To follow up on this thread, I have devised a "solution" to memoizing a 
structurally recursive function on binary trees.  However, it isn't 
pretty.

You can find my code MemoOrdBinTree.v @ 
<https://gist.github.com/roconnor/286d0f21af36c2e97e74338f10a4315b>

The construction in Coq is made more difficult (than in Agda, for example) 
due to Coq's positivity condition not accepting "Bushy Datatypes" (see 
<https://www.cs.ox.ac.uk/richard.bird/online/BirdMeertens98Nested.pdf>). 
I created a coinductive datatype based on Catalan's triangle for holding 
computed results 
<https://gist.github.com/roconnor/286d0f21af36c2e97e74338f10a4315b#file-memoordbintree-v-L111>. 
It bears some resemblance to Saizan's Agda code @ 
https://cstheory.stackexchange.com/a/40645 whereby the binary tree input 
is first preprocessed by decorating it with size information.  In my case 
the size of a binary tree is the number of internal (non-leaf) nodes of 
the tree.

After counting the number of internal nodes, the lookup function reaches 
that far into a coinductive stream of these Catalan-shaped containers 
<https://gist.github.com/roconnor/286d0f21af36c2e97e74338f10a4315b#file-memoordbintree-v-L252> 
to pick out the appropriate container that memoizes inputs of that size. 
Then it will traverse that container to find the location that holds the 
value for the particularly shaped tree of that size.

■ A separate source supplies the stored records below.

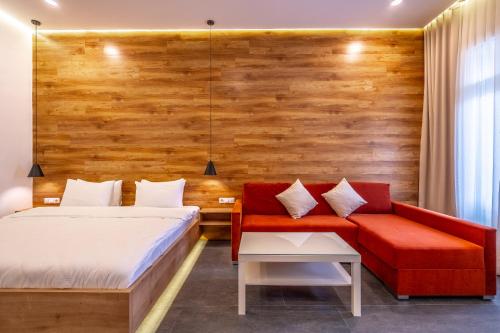 a bedroom with a bed and a red couch at 5 STAR APART HOTEL in Tbilisi City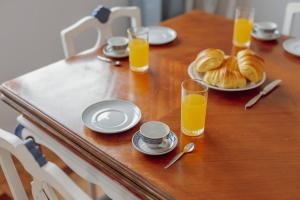 un tavolo con un piatto di pane e bicchieri di succo d'arancia di Blue Villa by Hosty a Porto Altre 70 foto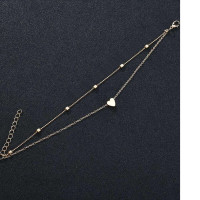 Women's accessory in the form of a chain on the leg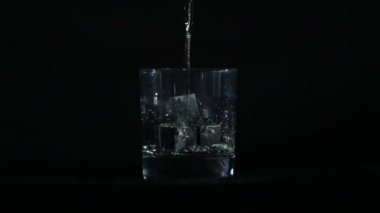 Siyah bir arkaplan önünde viski bir bardak viski taşına dökülür..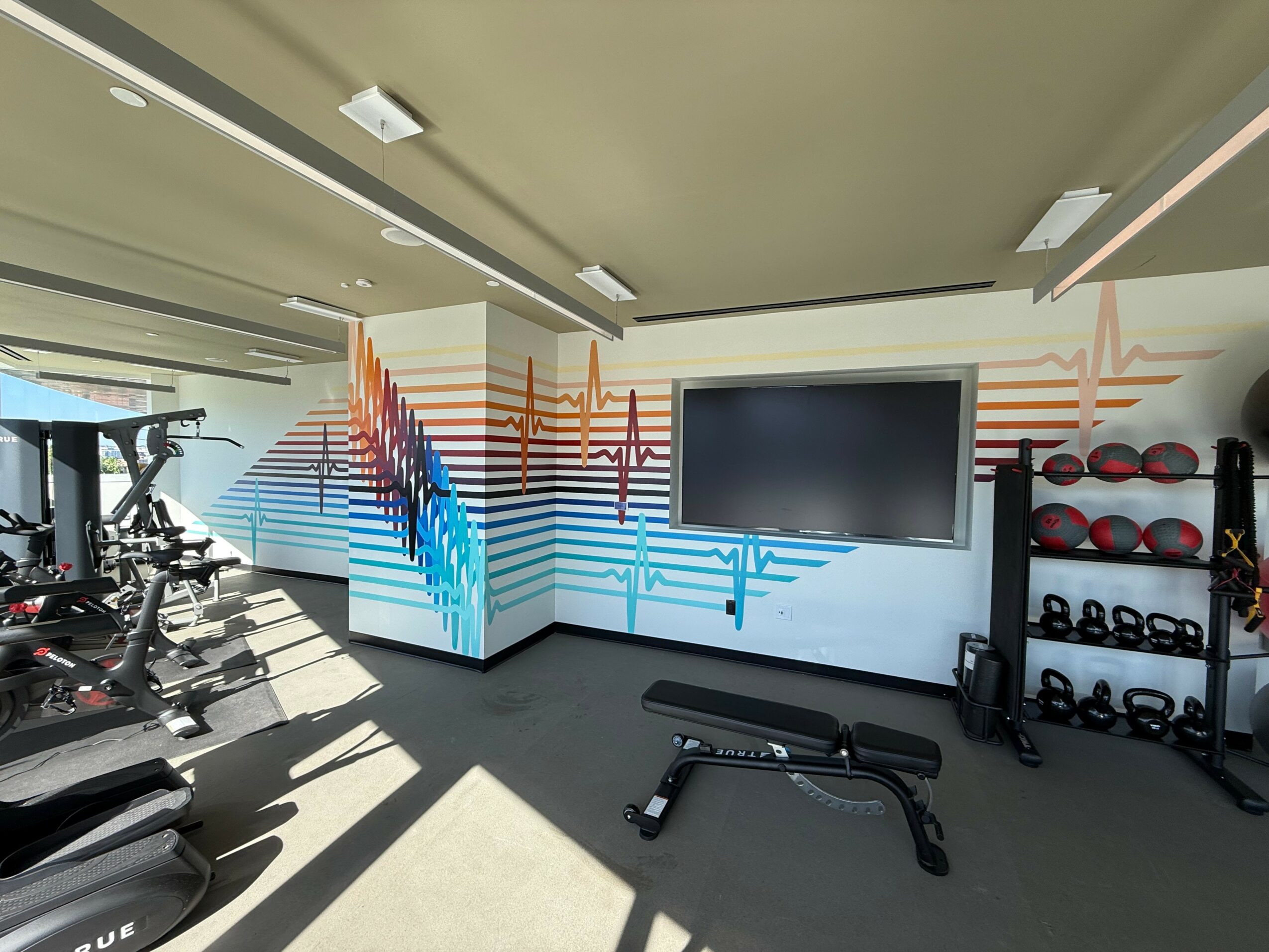 Gym interior with exercise equipment, a wall with colorful heartbeat line mural, and a large screen on the wall.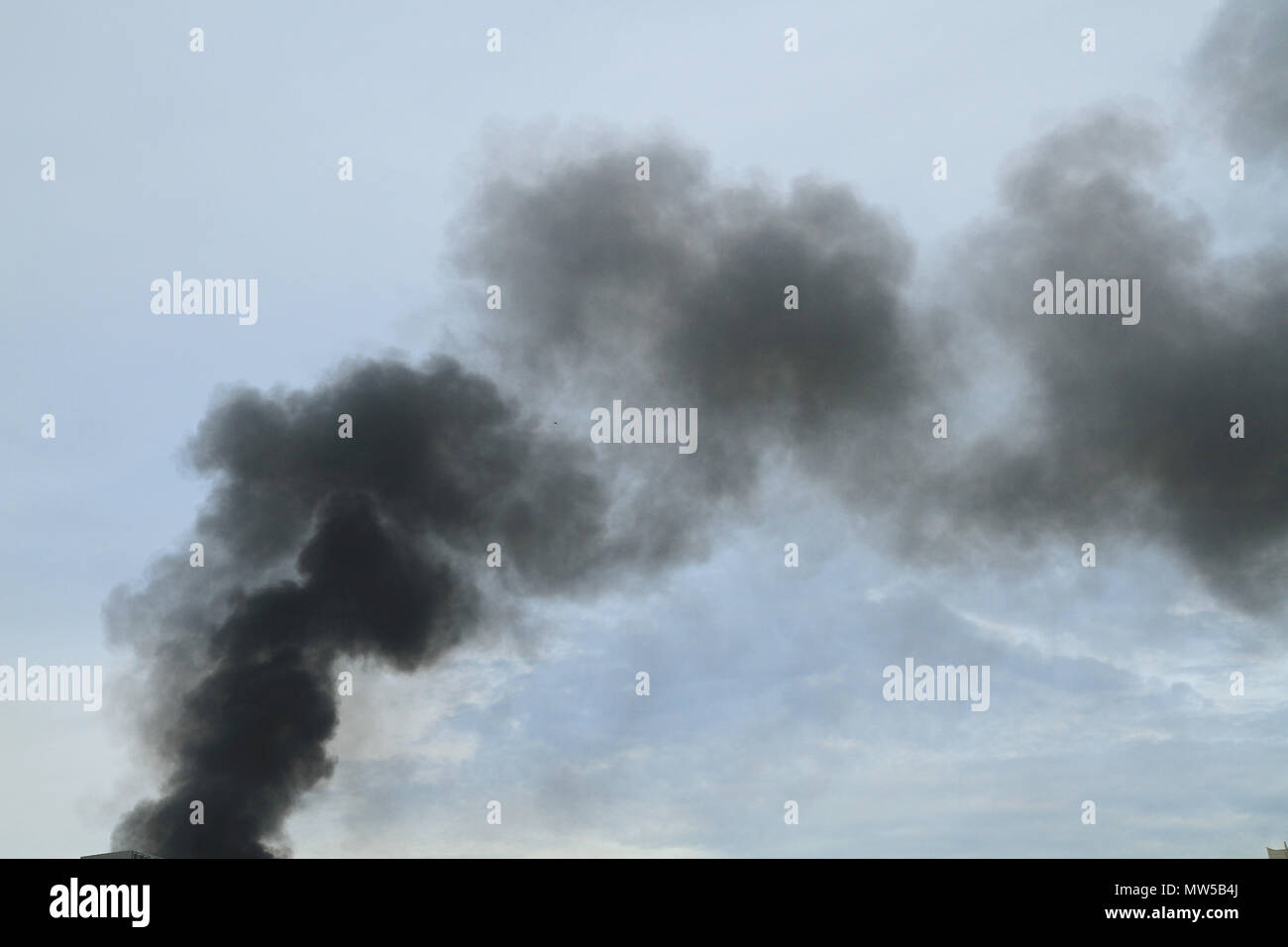 Black smoke from fire burning on the sky Stock Photo Alamy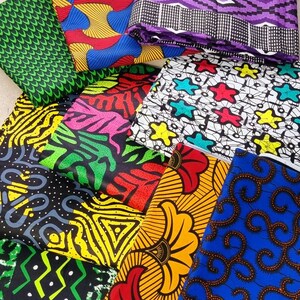 May include: A collection of colorful fabric scraps with various patterns, including geometric, floral, and abstract designs. The fabrics are in shades of red, yellow, blue, green, black, and white.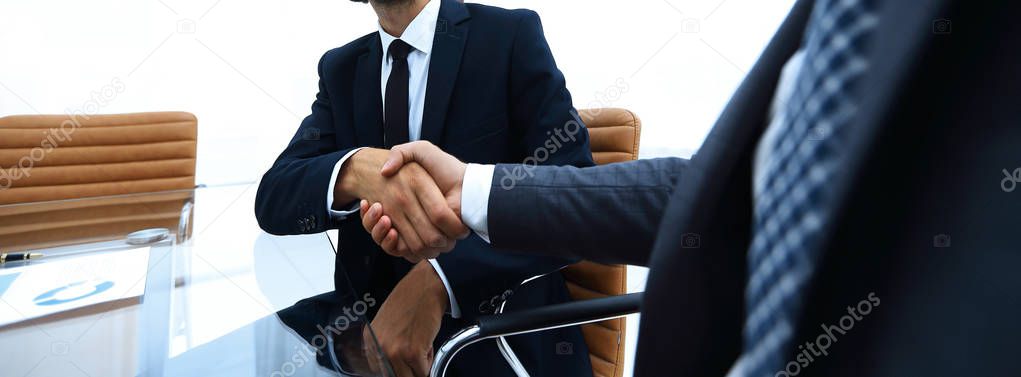 bottom view. confident handshake of business partners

The sharing across recursive calls happen because a let statement 
<https://gist.github.com/roconnor/286d0f21af36c2e97e74338f10a4315b#file-memoordbintree-v-L271> 
shares an inductive list of all recursive values of smaller sized trees 
when generating the coinductive stream all all results.

This all seems to "work".  For some example tests 
<https://gist.github.com/roconnor/286d0f21af36c2e97e74338f10a4315b#file-memoordbintree-v-L380-L383>

    Time Eval vm_compute in (memoFoldOp (fullTree 9)).
    Time Eval vm_compute in (memoFoldOp (fullTree 8)).
    Time Eval vm_compute in (memoFoldOp (fullTree 9)).
    Time Eval vm_compute in (memoFoldOp (fullTree 8)).

the second call to (memoFoldOp (fullTree 9)) takes less time than the 
first call, while both calls to (memoFoldOp (fullTree 8)) take the same 
time, indicating the result for (memoFoldOp (fullTree 8)) was cached 
during the computation of (memoFoldOp (fullTree 9)).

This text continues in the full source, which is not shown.